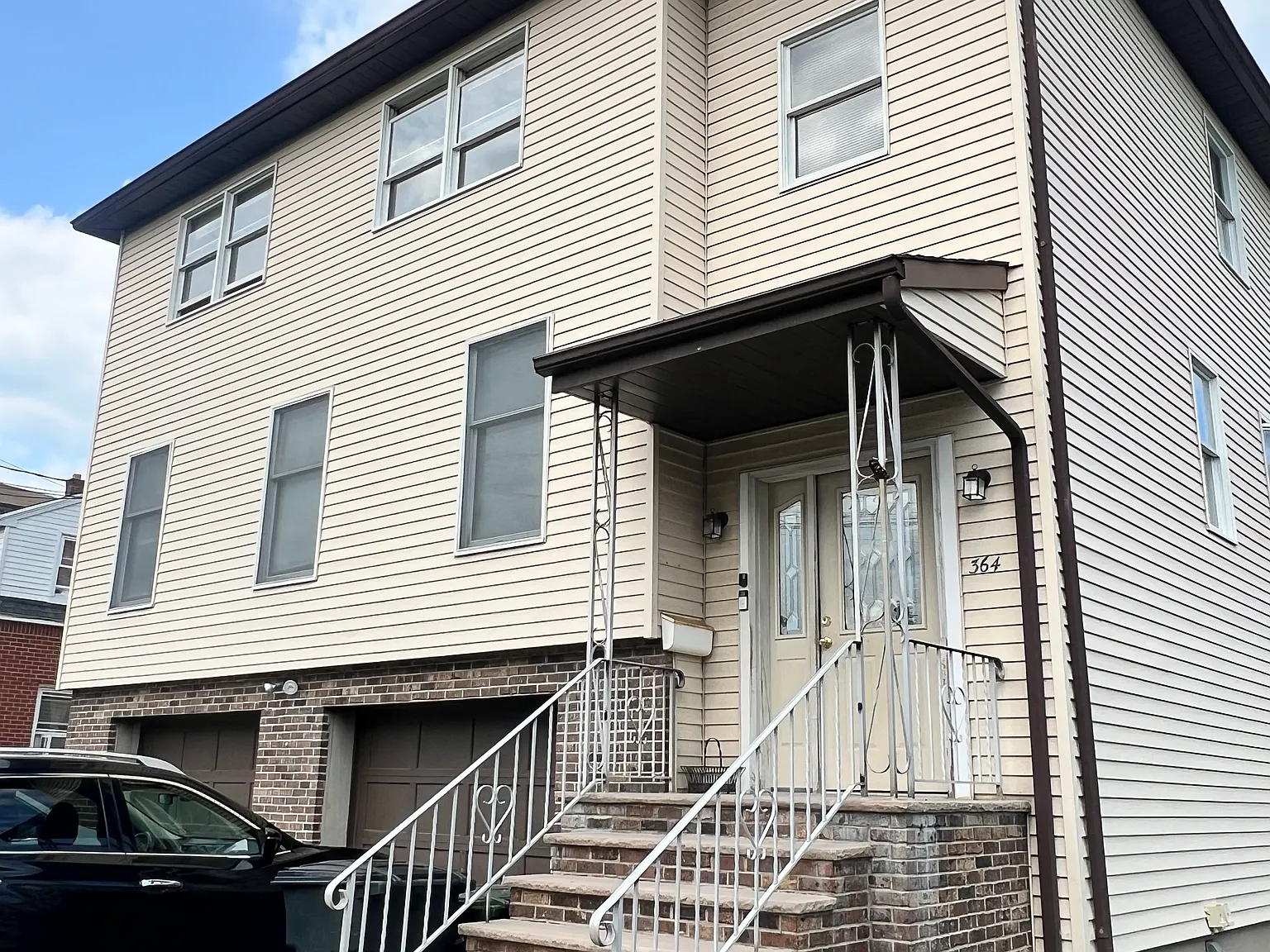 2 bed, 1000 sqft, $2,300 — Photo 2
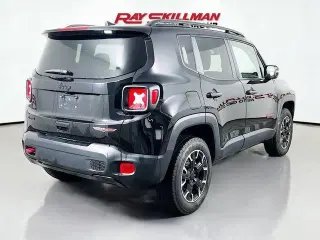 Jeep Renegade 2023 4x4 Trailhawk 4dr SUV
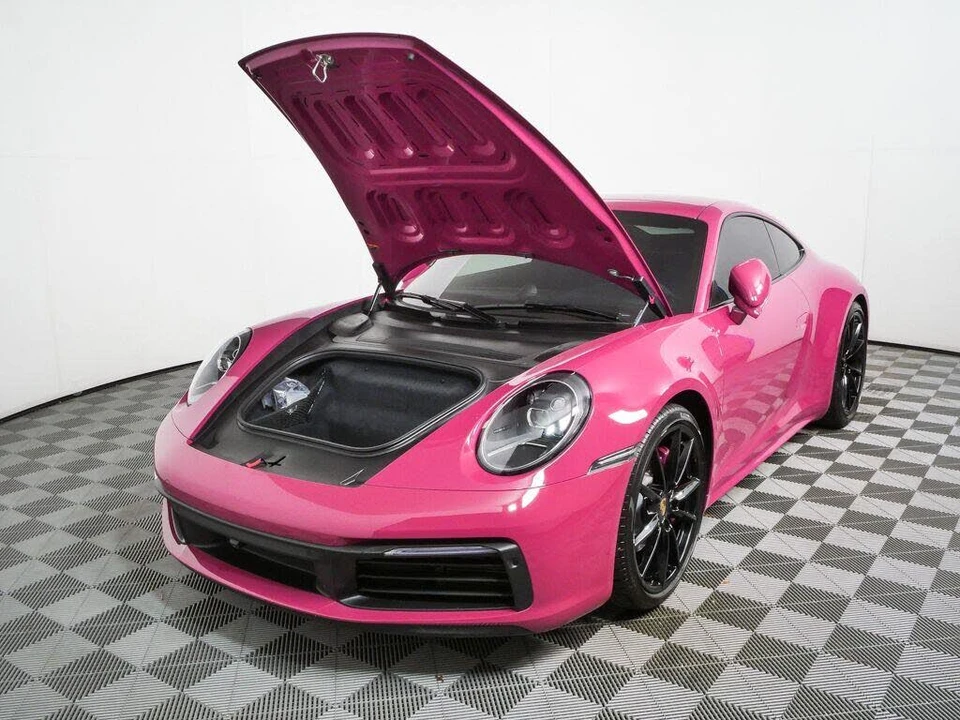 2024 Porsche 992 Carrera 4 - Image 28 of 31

» **WHAT THIS TASK INVOLVES**
Copy every line above exactly, leaving no picture in the copy.

» **SOLUTION**
 2 bed, 1000 sqft, $2,300 — Photo 2
 Jeep Renegade 2023 4x4 Trailhawk 4dr SUV
 2024 Porsche 992 Carrera 4 - Image 28 of 31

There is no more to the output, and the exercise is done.